As described above, when the rotation preventing key <NUM> is provided integrally with the rotating shaft <NUM>, an effect resulting therefrom is similar to that according to the implementation described above. In other words, as the rotation preventing key <NUM> of the rotating shaft <NUM> is slidably inserted into the rotation preventing groove <NUM> of the roller <NUM> in an axial direction, even when the rotating shaft <NUM> axially moves as described with reference to the above-mentioned implementations, axial movement of the roller <NUM> is minimized. Thus, friction loss or abrasion between the roller <NUM> and both the main and sub bearings <NUM> and <NUM> may be minimized.

In addition, like this implementation, when the rotation preventing key <NUM> is provided integrally with the rotating shaft <NUM>, a clearance may not occur between the rotating shaft <NUM> and the rotation preventing key <NUM> in a circumferential direction. Accordingly, rotational force of the rotating shaft <NUM> may be transmitted to the roller <NUM> simultaneously without delay.

In addition, like this implementation, when the rotation preventing key <NUM> is provided integrally with the rotating shaft <NUM>, the rotation preventing key <NUM> may not need to be assembled into the rotating shaft <NUM> separately. Thus, a working man hour for the rotation preventing unit <NUM> including the rotation preventing key <NUM> and the rotation preventing groove <NUM> may be reduced.

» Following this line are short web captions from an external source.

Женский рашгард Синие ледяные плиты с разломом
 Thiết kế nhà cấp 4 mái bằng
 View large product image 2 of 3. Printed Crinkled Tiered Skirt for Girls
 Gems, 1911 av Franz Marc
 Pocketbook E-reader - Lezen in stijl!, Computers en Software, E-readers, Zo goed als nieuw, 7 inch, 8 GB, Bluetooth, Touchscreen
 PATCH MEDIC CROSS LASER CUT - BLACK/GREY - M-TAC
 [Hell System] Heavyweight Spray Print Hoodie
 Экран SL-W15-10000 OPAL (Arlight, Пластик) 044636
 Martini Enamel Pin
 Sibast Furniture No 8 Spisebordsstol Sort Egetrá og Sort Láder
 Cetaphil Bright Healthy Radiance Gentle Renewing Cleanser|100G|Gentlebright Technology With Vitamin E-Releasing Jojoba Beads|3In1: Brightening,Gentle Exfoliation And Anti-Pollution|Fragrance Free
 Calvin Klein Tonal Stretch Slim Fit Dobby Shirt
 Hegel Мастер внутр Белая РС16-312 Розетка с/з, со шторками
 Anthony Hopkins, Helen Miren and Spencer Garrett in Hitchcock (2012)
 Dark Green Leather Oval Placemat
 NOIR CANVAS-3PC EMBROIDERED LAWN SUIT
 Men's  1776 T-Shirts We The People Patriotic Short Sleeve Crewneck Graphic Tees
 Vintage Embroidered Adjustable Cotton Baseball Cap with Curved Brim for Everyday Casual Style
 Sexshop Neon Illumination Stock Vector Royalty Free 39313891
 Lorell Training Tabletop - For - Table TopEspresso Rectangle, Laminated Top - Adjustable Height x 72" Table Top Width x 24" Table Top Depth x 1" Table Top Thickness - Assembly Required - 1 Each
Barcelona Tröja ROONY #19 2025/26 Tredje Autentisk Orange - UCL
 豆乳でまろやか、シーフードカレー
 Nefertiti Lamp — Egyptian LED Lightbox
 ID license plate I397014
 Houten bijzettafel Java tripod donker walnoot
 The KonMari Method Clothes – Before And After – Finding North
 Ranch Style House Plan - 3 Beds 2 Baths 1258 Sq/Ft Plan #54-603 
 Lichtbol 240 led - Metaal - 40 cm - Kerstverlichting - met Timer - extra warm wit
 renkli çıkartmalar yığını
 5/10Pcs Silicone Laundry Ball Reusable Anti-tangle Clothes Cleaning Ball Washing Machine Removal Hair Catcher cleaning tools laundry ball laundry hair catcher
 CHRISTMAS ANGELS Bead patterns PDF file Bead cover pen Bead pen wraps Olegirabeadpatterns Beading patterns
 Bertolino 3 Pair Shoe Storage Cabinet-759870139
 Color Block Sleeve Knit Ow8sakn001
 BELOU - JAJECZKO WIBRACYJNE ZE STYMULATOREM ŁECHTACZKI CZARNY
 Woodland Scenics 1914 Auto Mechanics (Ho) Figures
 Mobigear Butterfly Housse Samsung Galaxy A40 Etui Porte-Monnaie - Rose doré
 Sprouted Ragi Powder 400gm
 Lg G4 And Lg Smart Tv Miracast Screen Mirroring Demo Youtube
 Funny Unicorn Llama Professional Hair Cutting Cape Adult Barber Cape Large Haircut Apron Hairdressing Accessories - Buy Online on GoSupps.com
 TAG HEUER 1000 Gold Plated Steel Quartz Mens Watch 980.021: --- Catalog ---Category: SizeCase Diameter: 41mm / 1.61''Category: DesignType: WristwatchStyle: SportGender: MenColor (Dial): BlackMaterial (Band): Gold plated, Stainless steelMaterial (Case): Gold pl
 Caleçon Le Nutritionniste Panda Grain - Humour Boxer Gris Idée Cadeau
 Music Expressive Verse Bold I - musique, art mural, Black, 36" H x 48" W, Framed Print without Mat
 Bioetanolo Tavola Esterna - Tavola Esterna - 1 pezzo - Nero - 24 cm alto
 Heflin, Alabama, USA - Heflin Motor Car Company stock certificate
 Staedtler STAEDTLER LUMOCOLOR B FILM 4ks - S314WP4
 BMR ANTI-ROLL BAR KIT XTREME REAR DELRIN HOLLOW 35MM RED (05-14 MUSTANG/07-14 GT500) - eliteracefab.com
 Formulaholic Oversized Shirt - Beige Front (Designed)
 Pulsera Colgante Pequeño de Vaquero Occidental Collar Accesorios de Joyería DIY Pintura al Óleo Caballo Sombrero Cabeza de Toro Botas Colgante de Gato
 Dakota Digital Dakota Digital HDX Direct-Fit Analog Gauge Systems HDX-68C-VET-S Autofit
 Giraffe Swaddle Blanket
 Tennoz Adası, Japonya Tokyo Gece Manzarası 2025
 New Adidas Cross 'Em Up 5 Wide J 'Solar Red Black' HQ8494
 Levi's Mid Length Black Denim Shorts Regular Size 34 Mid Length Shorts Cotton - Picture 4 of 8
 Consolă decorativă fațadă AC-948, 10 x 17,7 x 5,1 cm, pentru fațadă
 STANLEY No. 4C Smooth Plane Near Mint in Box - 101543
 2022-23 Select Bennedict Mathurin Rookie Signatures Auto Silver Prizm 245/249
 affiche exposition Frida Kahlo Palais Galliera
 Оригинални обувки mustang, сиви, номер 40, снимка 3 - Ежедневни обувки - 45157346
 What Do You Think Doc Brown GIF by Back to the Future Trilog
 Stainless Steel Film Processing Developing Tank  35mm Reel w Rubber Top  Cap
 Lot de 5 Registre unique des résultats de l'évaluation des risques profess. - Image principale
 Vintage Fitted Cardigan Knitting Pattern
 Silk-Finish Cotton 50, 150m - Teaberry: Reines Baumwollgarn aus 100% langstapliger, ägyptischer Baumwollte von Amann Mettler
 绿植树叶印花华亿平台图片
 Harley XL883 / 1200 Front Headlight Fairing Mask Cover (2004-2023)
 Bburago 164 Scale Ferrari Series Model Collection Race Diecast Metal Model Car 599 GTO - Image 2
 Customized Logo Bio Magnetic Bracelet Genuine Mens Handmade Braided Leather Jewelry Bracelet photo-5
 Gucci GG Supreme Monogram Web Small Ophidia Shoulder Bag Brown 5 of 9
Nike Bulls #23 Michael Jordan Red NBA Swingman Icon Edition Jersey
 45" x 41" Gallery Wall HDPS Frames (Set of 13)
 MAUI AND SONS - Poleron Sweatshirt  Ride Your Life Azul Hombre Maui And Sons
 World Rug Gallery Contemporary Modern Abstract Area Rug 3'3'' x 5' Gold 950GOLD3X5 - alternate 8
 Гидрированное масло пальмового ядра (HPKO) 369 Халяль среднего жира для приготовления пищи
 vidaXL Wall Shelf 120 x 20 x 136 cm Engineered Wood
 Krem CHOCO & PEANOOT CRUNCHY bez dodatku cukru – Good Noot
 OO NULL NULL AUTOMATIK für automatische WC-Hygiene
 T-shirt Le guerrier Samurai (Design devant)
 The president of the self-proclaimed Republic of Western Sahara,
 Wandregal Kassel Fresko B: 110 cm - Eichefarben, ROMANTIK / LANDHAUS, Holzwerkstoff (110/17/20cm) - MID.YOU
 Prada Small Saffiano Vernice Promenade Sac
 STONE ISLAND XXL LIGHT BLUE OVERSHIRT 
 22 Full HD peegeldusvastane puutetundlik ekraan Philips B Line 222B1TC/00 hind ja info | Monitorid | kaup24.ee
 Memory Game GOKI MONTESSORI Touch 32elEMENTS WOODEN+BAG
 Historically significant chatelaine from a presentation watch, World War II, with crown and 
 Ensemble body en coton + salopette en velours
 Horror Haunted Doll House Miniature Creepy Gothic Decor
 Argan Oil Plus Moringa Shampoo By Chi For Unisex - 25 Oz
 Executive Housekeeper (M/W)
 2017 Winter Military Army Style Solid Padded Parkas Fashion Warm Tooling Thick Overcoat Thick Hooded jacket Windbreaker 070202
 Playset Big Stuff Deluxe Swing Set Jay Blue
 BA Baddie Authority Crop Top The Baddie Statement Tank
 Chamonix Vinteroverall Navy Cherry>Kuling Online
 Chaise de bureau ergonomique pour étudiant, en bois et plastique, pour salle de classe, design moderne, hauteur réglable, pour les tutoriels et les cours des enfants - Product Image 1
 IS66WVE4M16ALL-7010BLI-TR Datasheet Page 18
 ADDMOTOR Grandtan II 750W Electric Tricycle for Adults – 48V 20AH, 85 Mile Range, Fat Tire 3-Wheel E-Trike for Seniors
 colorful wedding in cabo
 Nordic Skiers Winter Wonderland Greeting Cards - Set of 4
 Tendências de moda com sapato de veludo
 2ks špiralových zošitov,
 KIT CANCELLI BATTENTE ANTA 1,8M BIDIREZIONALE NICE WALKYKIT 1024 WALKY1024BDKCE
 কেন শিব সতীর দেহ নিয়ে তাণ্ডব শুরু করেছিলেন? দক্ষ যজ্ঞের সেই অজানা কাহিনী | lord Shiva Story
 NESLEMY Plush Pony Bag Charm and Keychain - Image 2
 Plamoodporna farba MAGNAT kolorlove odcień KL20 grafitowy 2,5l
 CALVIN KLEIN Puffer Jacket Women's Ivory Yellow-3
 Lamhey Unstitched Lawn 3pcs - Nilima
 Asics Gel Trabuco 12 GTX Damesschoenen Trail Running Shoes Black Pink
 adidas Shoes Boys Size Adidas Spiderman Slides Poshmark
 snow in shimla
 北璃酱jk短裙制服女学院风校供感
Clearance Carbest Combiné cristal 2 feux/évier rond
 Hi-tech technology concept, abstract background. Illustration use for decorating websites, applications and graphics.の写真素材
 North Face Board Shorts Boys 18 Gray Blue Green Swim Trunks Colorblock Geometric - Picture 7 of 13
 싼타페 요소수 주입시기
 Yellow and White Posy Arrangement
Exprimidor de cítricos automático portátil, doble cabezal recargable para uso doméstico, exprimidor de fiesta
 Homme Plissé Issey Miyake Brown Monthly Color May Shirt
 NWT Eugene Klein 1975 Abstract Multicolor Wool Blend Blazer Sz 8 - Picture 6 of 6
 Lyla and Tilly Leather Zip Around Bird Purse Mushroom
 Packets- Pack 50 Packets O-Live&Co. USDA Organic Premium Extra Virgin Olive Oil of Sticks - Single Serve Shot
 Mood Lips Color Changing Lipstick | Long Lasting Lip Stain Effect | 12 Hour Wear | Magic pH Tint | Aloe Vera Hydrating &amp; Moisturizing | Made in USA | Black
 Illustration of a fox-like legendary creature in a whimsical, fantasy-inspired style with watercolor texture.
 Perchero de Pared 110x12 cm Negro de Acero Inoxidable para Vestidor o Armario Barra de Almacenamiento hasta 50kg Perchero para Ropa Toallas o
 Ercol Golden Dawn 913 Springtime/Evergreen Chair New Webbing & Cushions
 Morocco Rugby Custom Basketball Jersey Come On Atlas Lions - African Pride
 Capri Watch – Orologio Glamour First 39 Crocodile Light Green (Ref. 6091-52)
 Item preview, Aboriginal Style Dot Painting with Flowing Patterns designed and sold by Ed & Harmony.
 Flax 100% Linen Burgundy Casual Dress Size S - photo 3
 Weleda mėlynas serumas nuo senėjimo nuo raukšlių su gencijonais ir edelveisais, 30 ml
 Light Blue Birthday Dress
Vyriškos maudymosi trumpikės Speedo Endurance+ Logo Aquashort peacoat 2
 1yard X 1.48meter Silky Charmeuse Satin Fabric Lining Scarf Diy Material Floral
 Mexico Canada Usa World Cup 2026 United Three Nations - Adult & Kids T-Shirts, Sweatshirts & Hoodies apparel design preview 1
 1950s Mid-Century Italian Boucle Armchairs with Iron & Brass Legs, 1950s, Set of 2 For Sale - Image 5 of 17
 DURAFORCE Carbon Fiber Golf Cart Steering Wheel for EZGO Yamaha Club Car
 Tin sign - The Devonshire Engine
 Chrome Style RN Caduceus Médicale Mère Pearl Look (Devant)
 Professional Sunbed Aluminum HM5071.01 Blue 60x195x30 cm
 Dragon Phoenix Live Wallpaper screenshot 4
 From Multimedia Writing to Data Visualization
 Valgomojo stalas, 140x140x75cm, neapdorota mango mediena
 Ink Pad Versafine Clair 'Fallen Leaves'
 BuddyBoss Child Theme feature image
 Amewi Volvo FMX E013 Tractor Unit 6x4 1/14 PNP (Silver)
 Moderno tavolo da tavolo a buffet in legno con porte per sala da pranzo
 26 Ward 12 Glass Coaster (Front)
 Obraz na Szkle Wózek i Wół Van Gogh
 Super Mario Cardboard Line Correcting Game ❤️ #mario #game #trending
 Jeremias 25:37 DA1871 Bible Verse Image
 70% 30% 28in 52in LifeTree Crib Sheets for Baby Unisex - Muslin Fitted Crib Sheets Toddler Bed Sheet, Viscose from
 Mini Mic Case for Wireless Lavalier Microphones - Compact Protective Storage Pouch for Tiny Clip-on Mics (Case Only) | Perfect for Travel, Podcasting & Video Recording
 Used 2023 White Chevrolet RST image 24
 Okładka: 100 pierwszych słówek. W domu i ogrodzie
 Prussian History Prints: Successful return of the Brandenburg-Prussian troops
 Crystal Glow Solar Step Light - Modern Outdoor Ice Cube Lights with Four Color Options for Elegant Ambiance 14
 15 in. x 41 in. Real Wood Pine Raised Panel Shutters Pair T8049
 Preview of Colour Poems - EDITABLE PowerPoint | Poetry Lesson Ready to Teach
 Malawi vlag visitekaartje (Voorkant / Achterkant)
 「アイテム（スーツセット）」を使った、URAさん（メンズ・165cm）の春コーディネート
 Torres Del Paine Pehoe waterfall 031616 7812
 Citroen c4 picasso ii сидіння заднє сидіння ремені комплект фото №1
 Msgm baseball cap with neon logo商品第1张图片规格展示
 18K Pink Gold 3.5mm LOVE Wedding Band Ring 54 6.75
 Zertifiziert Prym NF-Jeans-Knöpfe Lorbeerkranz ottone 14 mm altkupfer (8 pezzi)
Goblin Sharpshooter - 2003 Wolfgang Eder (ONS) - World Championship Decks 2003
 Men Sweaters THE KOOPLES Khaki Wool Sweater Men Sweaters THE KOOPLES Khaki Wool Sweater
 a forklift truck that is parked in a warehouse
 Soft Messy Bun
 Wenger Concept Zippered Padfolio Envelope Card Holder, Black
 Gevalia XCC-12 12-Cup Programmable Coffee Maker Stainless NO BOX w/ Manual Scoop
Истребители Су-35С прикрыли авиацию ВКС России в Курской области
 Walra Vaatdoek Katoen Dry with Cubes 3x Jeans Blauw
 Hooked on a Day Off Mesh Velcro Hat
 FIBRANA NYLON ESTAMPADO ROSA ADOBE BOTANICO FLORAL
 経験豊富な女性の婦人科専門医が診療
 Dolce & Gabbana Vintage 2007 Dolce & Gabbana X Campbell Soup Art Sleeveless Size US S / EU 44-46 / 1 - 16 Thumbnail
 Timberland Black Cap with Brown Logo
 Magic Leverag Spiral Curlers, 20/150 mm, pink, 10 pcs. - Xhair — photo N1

Although not illustrated, the rotation preventing key <NUM> and the rotation preventing groove <NUM> may be provided in plurality of pairs at uniform intervals along the circumferential direction. In this case, the roller <NUM> may be firmly coupled to the rotating shaft <NUM> to stably transmit a rotational force of the rotating shaft <NUM> to the roller <NUM>.

Claim 1:
A rotary compressor comprising:
a casing (<NUM>);
a driving motor (<NUM>) provided inside the casing;
a rotating shaft (<NUM>) coupled to a rotor (<NUM>) of the driving motor (<NUM>);
a main bearing (<NUM>) and a sub bearing (<NUM>) both supporting the rotating shaft (<NUM>);
a cylinder (<NUM>) provided between the main bearing (<NUM>) and the sub bearing (<NUM>) to provide a compression space (V);
a roller (<NUM>) having a shaft hole (<NUM>) through which the rotating shaft (<NUM>) penetrates;
a vane (<NUM>, <NUM>, <NUM>) dividing the compression space (V) into a plurality of compression chambers (V1, V2, V3); and
a rotation preventing unit (<NUM>) provided between an outer circumferential surface of the rotating shaft (<NUM>) and an inner circumferential surface of the shaft hole (<NUM>) in the roller (<NUM>), wherein the rotation preventing unit (<NUM>) allows an axial movement of the roller (<NUM>) with respect to the rotating shaft (<NUM>);
wherein the rotation preventing unit (<NUM>) comprises:
a rotation preventing groove (<NUM>) provided in an inner circumferential surface of the shaft hole (<NUM>); and
a rotation preventing key (<NUM>) provided on the outer circumferential surface of the rotating shaft (<NUM>) and slidably inserted into the rotation preventing groove (<NUM>) in an axial direction, characterized in that
an axial end of the rotation preventing groove (<NUM>) is open and another axial end of the rotation preventing groove (<NUM>) is closed to provide a hooking surface (<NUM>) to limit axial movement of the rotation preventing key (<NUM>).